====== Data below

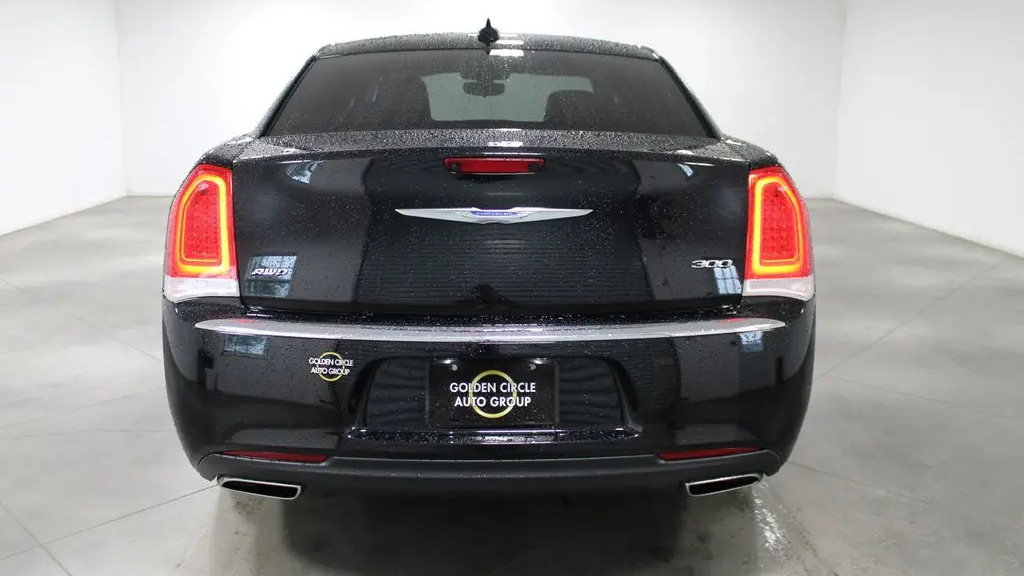 2023 Chrysler 300 Touring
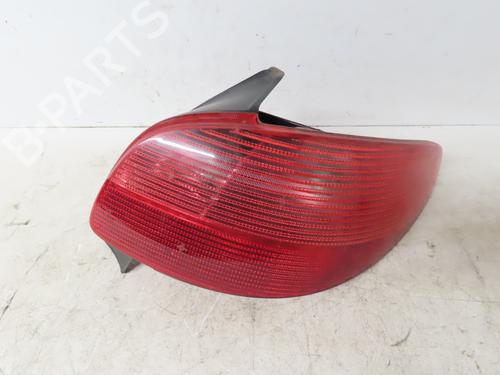 Used Right taillight PEUGEOT 206 Hatchback (2A/C) 1.4 HDi eco 70 (68 hp) 16979653
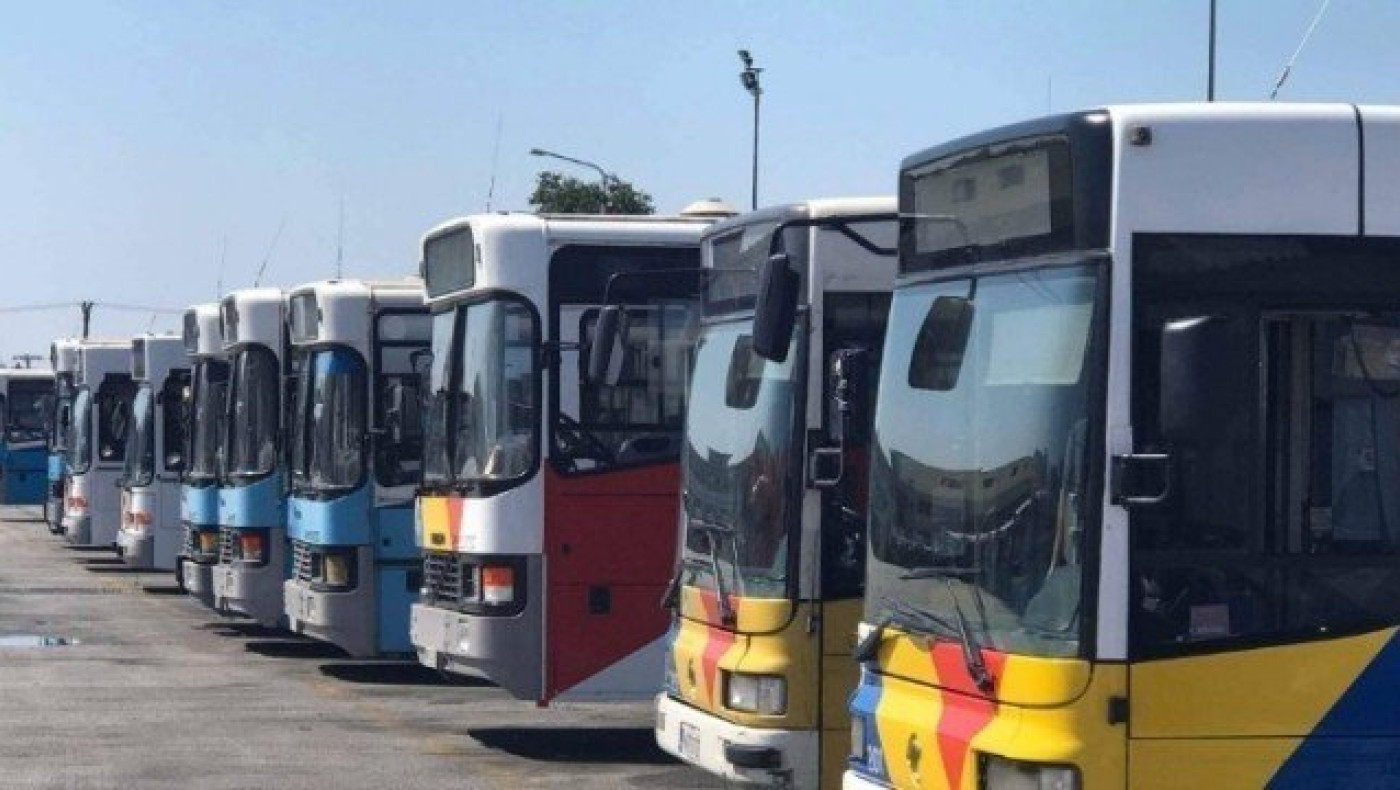 Επίθεση με πέτρες σε λεωφορείο του ΟΑΣΘ στο Καλοχώρι (pics)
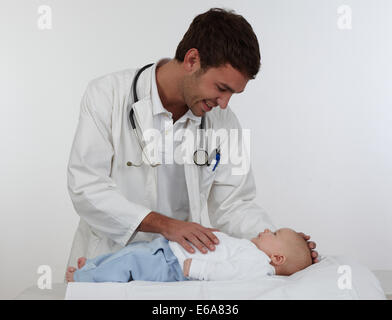 Baby,l'esame,pediatra Foto Stock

============

* [What you are asked to do]: When you copy the data above, reproduce each line exactly and skip every image.

* [Solution for this problem]:
 2023 Chrysler 300 Touring
 Used Right taillight PEUGEOT 206 Hatchback (2A/C) 1.4 HDi eco 70 (68 hp) 16979653
 Επίθεση με πέτρες σε λεωφορείο του ΟΑΣΘ στο Καλοχώρι (pics)
 Baby,l'esame,pediatra Foto Stock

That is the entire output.